Team:Valencia UPV/Contribution

An agroinfiltration and subsequent luciferase assay were performed in order to study gene expression at transcriptional level. The final Optical Density of reporter constructs (Figure 2a and Figure 2c) was 0,02 and the optical density of PhiC31 construct (Figure 2b) was 0,01. A triplicate sampling of different plants was performed in order to take account for biological variability due to unknown or uncontrollable conditions.

Register assembly constructs (Fig. 2a and 2b) and the controls (Fig. 2e and 5f) were agroinfiltrated and after 24h post-infiltration, leaves were sampled. After 48h, all leaves were also sampled. Overall, two points of samples were taken in the assay.
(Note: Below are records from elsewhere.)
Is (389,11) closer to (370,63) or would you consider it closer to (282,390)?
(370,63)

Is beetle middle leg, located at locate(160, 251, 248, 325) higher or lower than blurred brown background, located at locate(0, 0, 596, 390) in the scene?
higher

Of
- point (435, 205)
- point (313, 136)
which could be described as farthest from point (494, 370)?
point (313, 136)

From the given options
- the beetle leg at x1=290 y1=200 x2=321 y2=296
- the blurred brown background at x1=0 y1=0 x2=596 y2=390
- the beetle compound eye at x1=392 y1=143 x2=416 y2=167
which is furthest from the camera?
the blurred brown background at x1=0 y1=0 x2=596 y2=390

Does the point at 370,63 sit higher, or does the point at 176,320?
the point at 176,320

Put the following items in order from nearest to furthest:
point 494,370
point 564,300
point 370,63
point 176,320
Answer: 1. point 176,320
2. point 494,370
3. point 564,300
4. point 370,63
After analyzing the data obtained from luciferase assay, it can be observed at Figure 2:

1. A significantly difference between the OFF and the ON state expression levels.
2. The recombinase expression under a weak promoter (pNOS promoter) shows the same luciferase expression that the constitutive positive control (genetic construct which is expressing constitutively luciferase protein under the strong promoter).
3. However, the recombinase expression under the strong promoter shows the same expression level of the constitutive weak control (genetic construct based on the constitutive expression of luciferase under a pNOS weak promoter)

The likelihood of producing the inversion event should be directly proportional to the luciferase protein concentration inside plant cell. Consequently, more quantity of phiC31 recombinase entails more probability of activating reporter gene expression. However, this experiment shows that once recombinase expression exceeds a certain threshold, the effect changes so the likelihood of up-regulating the reporter gene expression decreases.
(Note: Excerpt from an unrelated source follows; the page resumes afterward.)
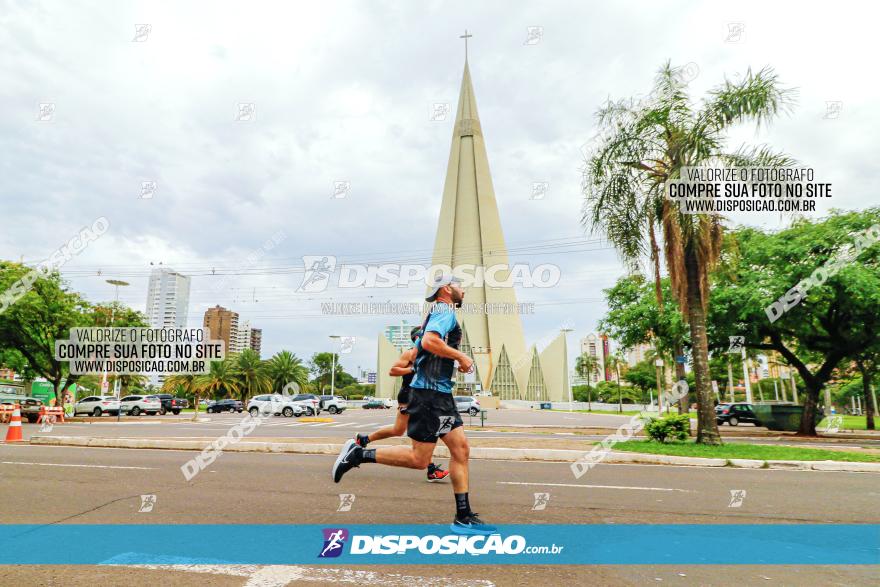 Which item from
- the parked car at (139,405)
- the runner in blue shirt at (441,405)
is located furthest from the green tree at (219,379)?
the runner in blue shirt at (441,405)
In order to provide robust evidences to the hypothesis explained above, a subsequent experiment (https://2017.igem.org/Team:Valencia_UPV/Experiments#Phic31Per) was performed. In this case, PhiC31 behavior was analyzed while being regulated by a weak promoter (pNOS) together with an optical density (A.tumefaciens culture concentration) 10-fold higher than the used in aforementioned experiment (Figure 3).

Figure 3. a) Graphic representation of the construct comprised by a promoter and a terminator in opposite directions flanked by ΦC31 attachment sites (attB and attP). It represents the negative control of our experiment. Only when ΦC31 inversion occurs, luciferase protein will be expressed. b) Genetic construct that allows constitutive expression of phiC31 in the plant under a strong promoter c) Graphic representation of the construct comprised by a promoter and a terminator in opposite directions flanked by ΦC31 recombined attachment sites (attR and attL). In normal basis, the promoter is inverted, allowing the expression of luciferase protein. It represents the positive control of our experiment. d) Plot representing PhiC31 behavior when infiltrated at OD 0,1.

Conclusion: It was demonstrated the proper phiC31 functioning and determined its behavior under different protein concentrations and promoter strengths. Although the expected hypothesis may be that the more recombinase concentration the more inversion events, the obtained results suggest the existence of a threshold above which that assumption is not true. Therefore, a low recombinase expression is needed in order to maximize recombinase action.

Our team has improved the characterization of the Phytobricks (PhiC31) documenting our experimental design and the results that were obtained. All data is also documented on the Main Page in the Registry.